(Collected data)
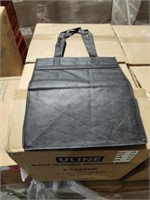 NEW CASES BLACK REUSABLE SHOPPING BAGS
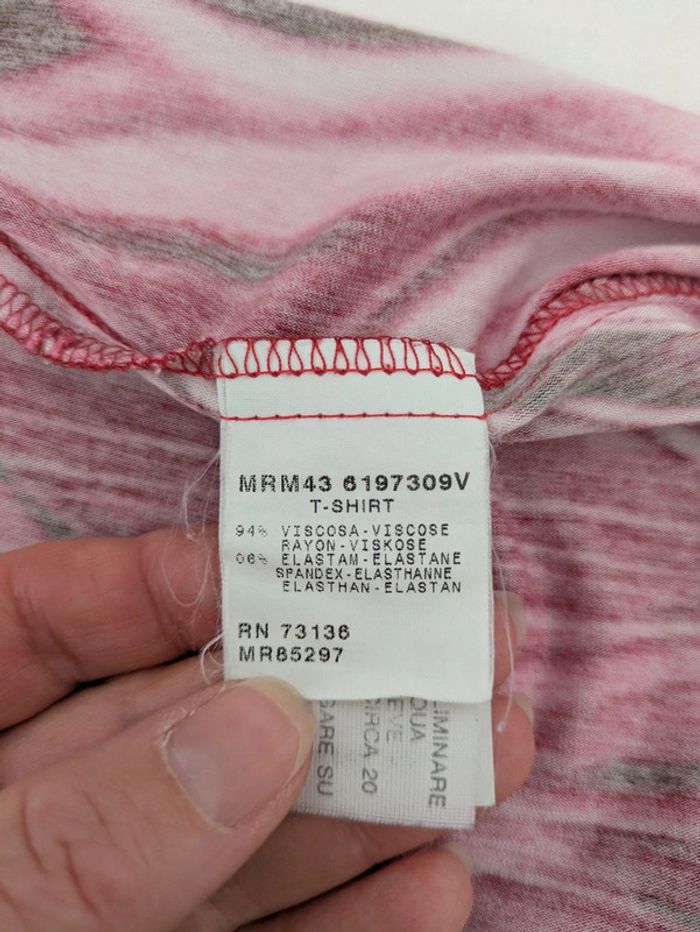 Blouse manches 3/4 - Marina Rinaldi - taille 48 - photo numéro 5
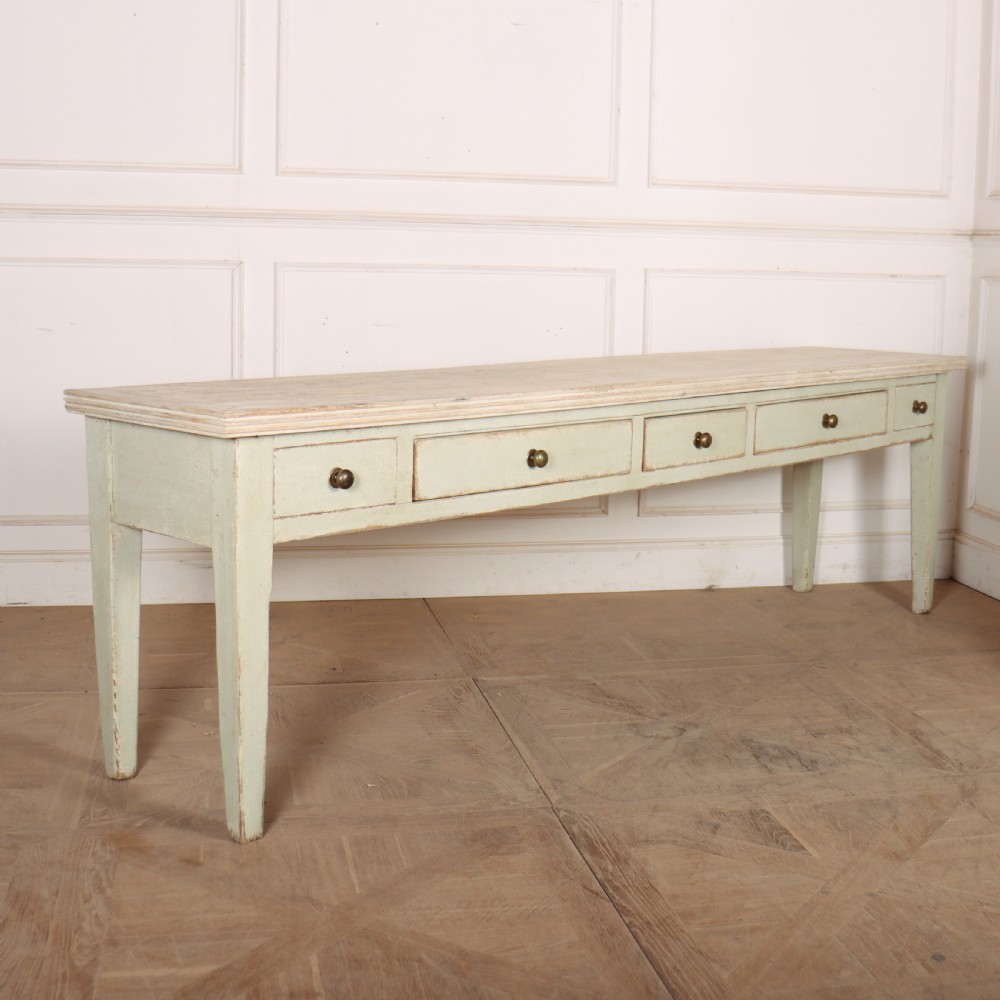 West Country Painted Serving Table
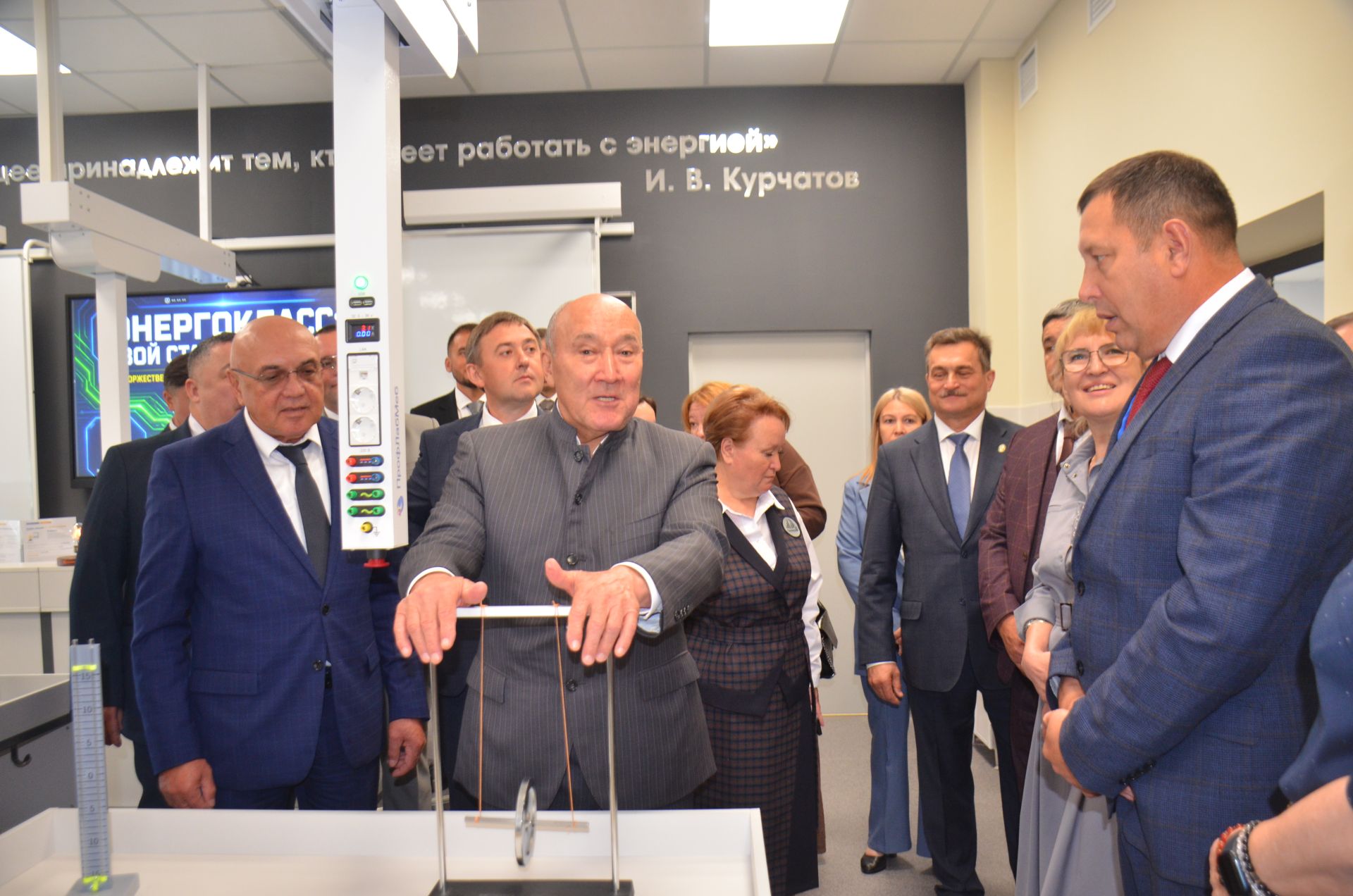 В Агрызе открылась новая гимназия №1 имени Асафа Абдрахманова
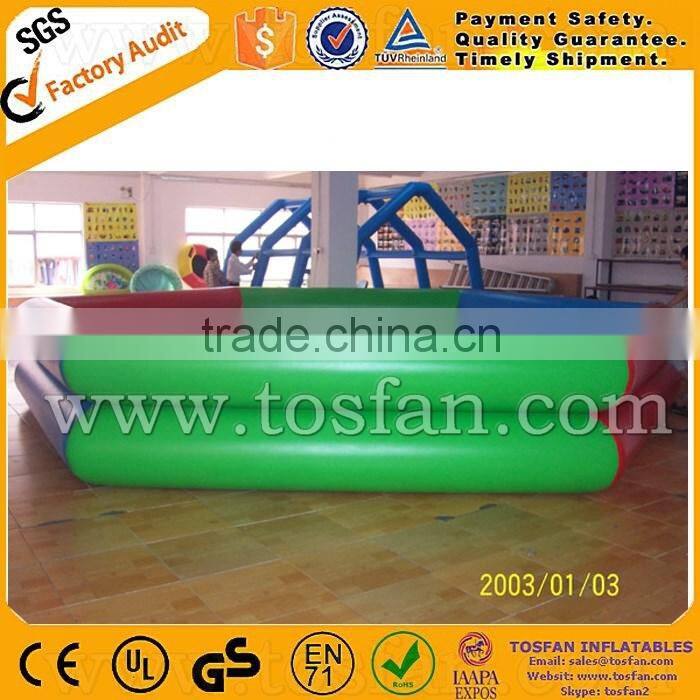 New inflatable swimming pool custom inflatable pool A8015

Work to complete:
Please give again only the lines from the one containing "Blouse manches 3/4" through the last line of the entries above, exactly as they stand and without pictures.

Answer to this problem:
 Blouse manches 3/4 - Marina Rinaldi - taille 48 - photo numéro 5
 West Country Painted Serving Table
 В Агрызе открылась новая гимназия №1 имени Асафа Абдрахманова
 New inflatable swimming pool custom inflatable pool A8015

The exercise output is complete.